I can tell you this: We are putting out a damn paper tomorrow.— Chase Cook (The tiels are Poe and Stanley) (@Chase Cook (The tiels are Poe and Stanley)) 1530225497
And they did. The Capital Gazette came out on schedule on June 29, 2018 — because journalists are amazing.
When the president and others call real journalism "fake news," these are the people they're spitting on.
Journalists are trained to run toward fire, not away from it. They're trained to look for facts and push their feelings to the side. They're trained to share true stories as objectively as possible, to recognize their own biases and do their best not to let those biases cloud their reporting. They are human, but they do their best to not let their human tendencies get in the way of truthfully reporting on what they're seeing and hearing.
I was pulling photos from the shooting today and found this one: two of the @capgaznews journalists working on tomo… https://t.co/G0PAMjabYA— Jessica "sign up for my newsletter" Roy (@Jessica "sign up for my newsletter" Roy) 1530236560
And they keep doing that even when their entire profession — and even their existence — is being demonized and defamed. Because heroes keep showing up, even when the powers that be try to spin them into the bad guys. And when actual bad guys violently attack them, heroes keep doing what they do.
Real journalism is a real thing. It's not dead. It's not hopelessly corrupt. The vast majority of mainstream news outlets are made up of people who have chosen to dedicate their lives to seeking out truth and sharing it — even risking their own lives to do so.
Lynne Griffen, a journalism student of one of the people killed in the shooting, John McNamara, mourns near the newspaper's office. Photo via Mark Wilson/Getty Images.
The Capital Gazette publishing the day after a mass shooting in their own newsroom is just one example of journalists' heroic fortitude.
Any time we hear a Pulitzer-Prize-winning news outlet being smeared as peddling "fake news," we should picture the faces of the journalists who have died in the line of duty.

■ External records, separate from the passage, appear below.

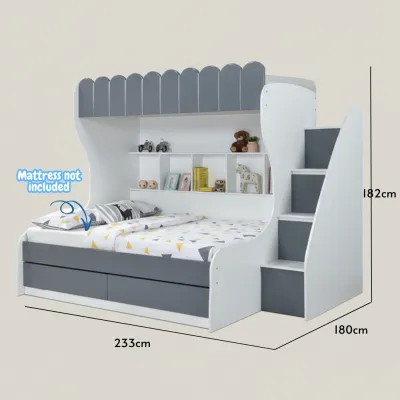 MUSE Design SUNDAE Ladder Trio Bunk Bed With Drawers-Grey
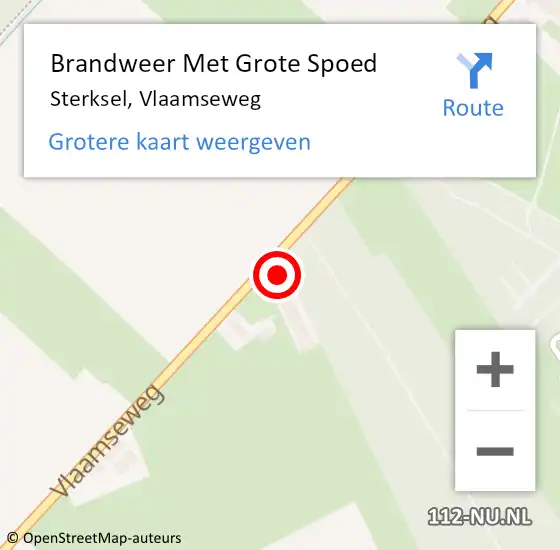 Locatie op kaart van de 112 melding: Brandweer Met Grote Spoed Naar Sterksel, Vlaamseweg op 11 januari 2022 14:19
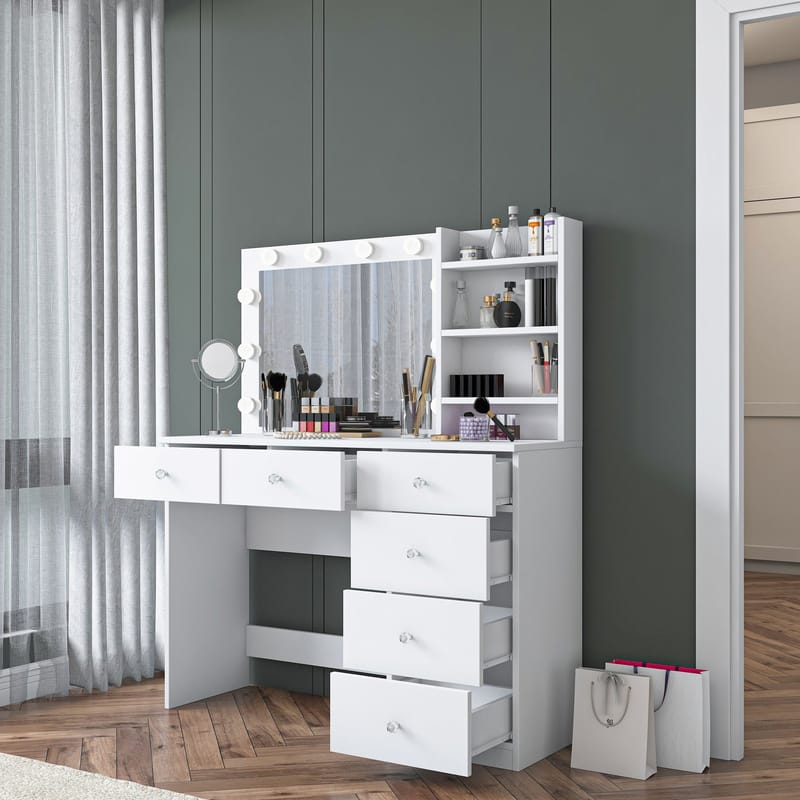 Lorvik Sminkbord 110x141,8x40 cm - Vit - Möbler - Bord & matgrupp - Sminkbord & toalettbord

The reporters, photographers, and camera operators who go to war zones to inform us of what's happening in the world, putting their own lives on the line in the process. The journalists who speak truth to power, who endure personal attacks and death threats as an unwritten part of their job description, who show up over and over no matter what because without them we would live in darkness.
A free press is enshrined in the First Amendment of the U.S. Constitution for a reason. Without real journalists seeking out and sharing truth, we are too easily led by propaganda, and power is too easily abused. Imagine a country where the government controls the press, where only stories the president likes are reported, where those in power choose what information the people have access to. Delegitimizing the majority of long-standing, well-reputed news outlets is a first big step toward that reality, and no free citizen should stand for it.
At the same time, journalists are human — and that humanity makes them good at their job.
Checking personal biases doesn't mean leaving humanity at the door. Despite the goal of objectively reporting the goings on in our world, people who work in the news are not robots, and we wouldn't want them to be. Sharing true stories and sharing them well requires a balance of staying detached while deeply caring.
The day after the shooting, the Capital Gazette editorial board published a simple, stark message on its opinion page that illustrates that truth.
"Today we are speechless. This page is intentionally left blank today to commemorate victims of Thursday's shooting at our office.
Gerald Fischman
Rob Hiaasen
John McNamara
Rebecca Smith
Wendi Winters
Tomorrow this page will return to its steady purpose of offering our readers informed opinion about the world around them, that they might be better citizens."